It is conceived as a tone poem following in the spirit of those written by Franz Liszt and Richard Strauss. The plot is inspired by the short story Der Zyeger (The Clock) by the great Yiddish author and playwright Sholem Aleichem (1859-1916) I have had a strong desire to reconnect with my Jewish roots through music and this work along with my Klezmer Fantazye are two recent pieces where I use Jewish and Klezmer elements as building blocks of a musical work. 

 

In his story Sholem Aleichem reminds us in a humorous way that all things in life are temporal and cautioning us how putting too much pride in one thing can lead to demise and disappointment. Below is a condensed version of the story.

 

“Reb Simcheh's clock was famous throughout the town as the best clock going—"—and people used to come and set their watches by it, because it kept more accurate time than any other. On day the rabbi came to his house to set his watch and noticed that the clock was a minute and a half ahead. That evening after dinner the clock did the unimaginable and struck thirteen. Not just once but multiple times. Reb Simcheh did everything he could to repair the clock taking it apart cleaning carefully each piece and putting it back together.

 

Then it began made a noise like an old man preparing to cough: chil-chil-chil-chil-trrrr ... and only then: bom!—bom!—bom! Now there had crept into it a melancholy note, as into the voice of an old worn-out cantor at the close of the service for the Day of Atonement, and the hoarseness increased, and the strike became lower and duller.
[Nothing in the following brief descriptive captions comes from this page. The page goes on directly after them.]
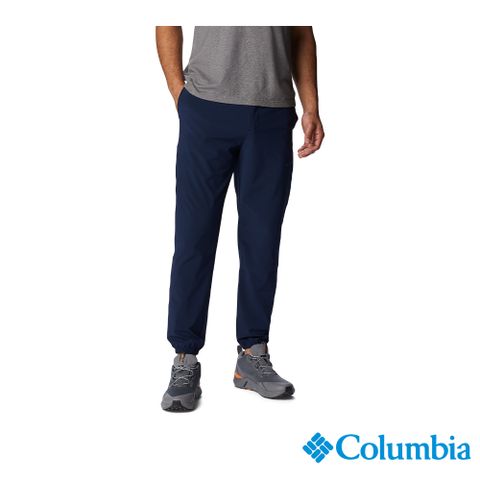 Columbia 哥倫比亞 男款-UPF50防曬防潑束口長褲-深藍色 UAE58420NY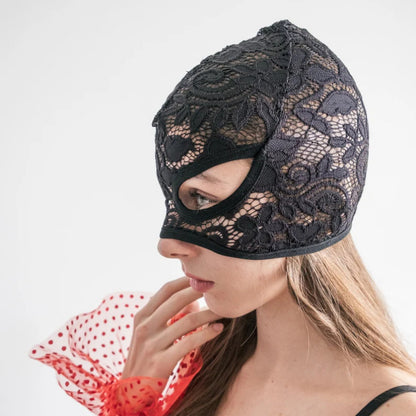black lace hood mask festival rave cosplay headgear
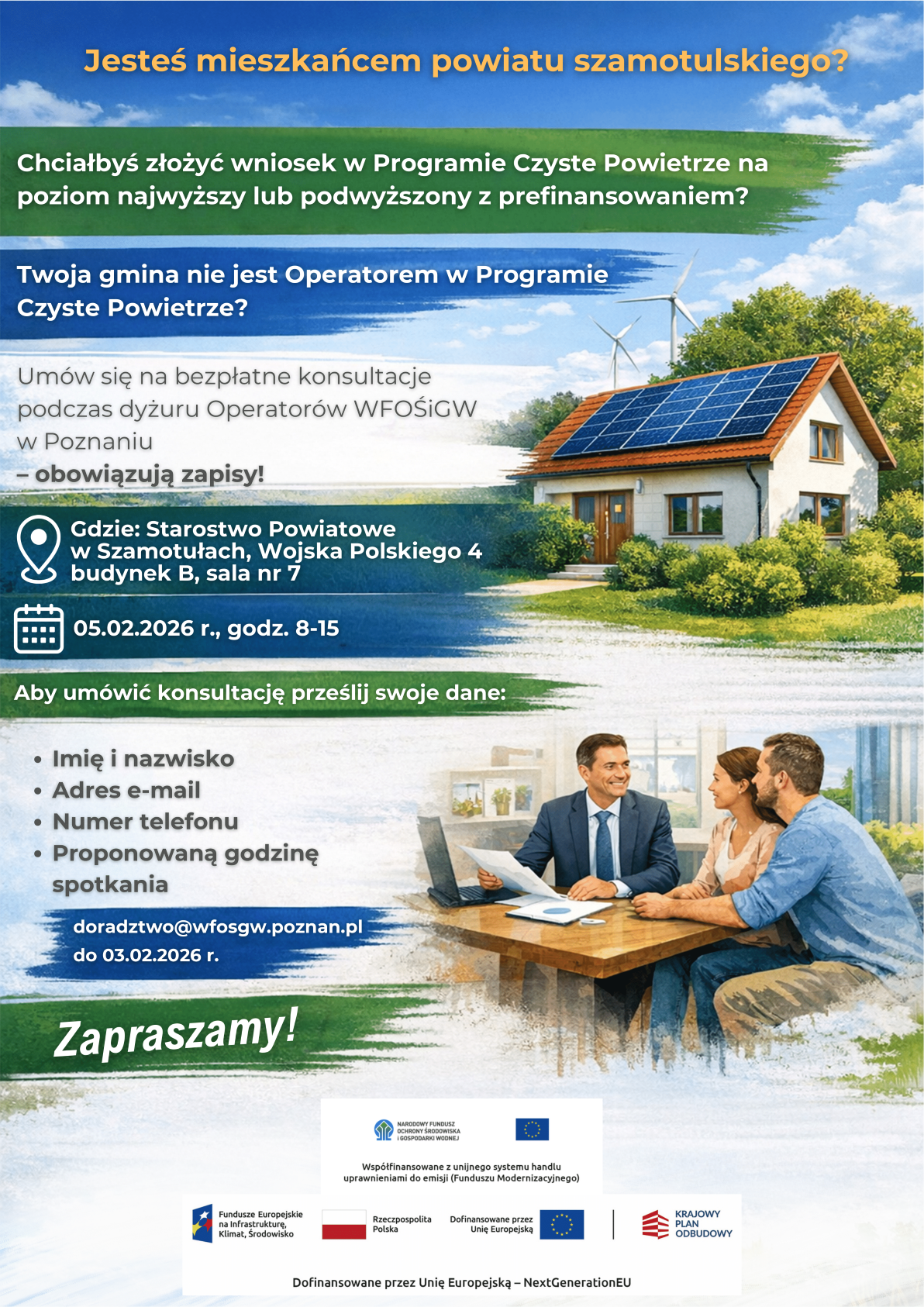 Zaproszenie na&nbsp;bezpłatne konsultacje dotyczące programu Czyste Powietrze dla mieszkańc&oacute;w powiatu szamotulskiego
The imp started playing all kinds of nasty tricks and idle pranks, shook itself sideways, and stumbled like an old man who drags his feet after him. It was a good thing Reb Simcheh understood in time that the clock was about to yield up its soul, and that the fault lay with the balance weights: the weight was too light, and he puts on a jostle, which has the weight of about four pounds. This seemed to help temporally but then suddenly the clock went completely berserk making all types of strange noises ticking and chiming in all different speeds followed by a loud boom! When the family rose from the table, they went in to the clock and saw it lying on its poor face, killed, broken, shattered, and smashed for evermore!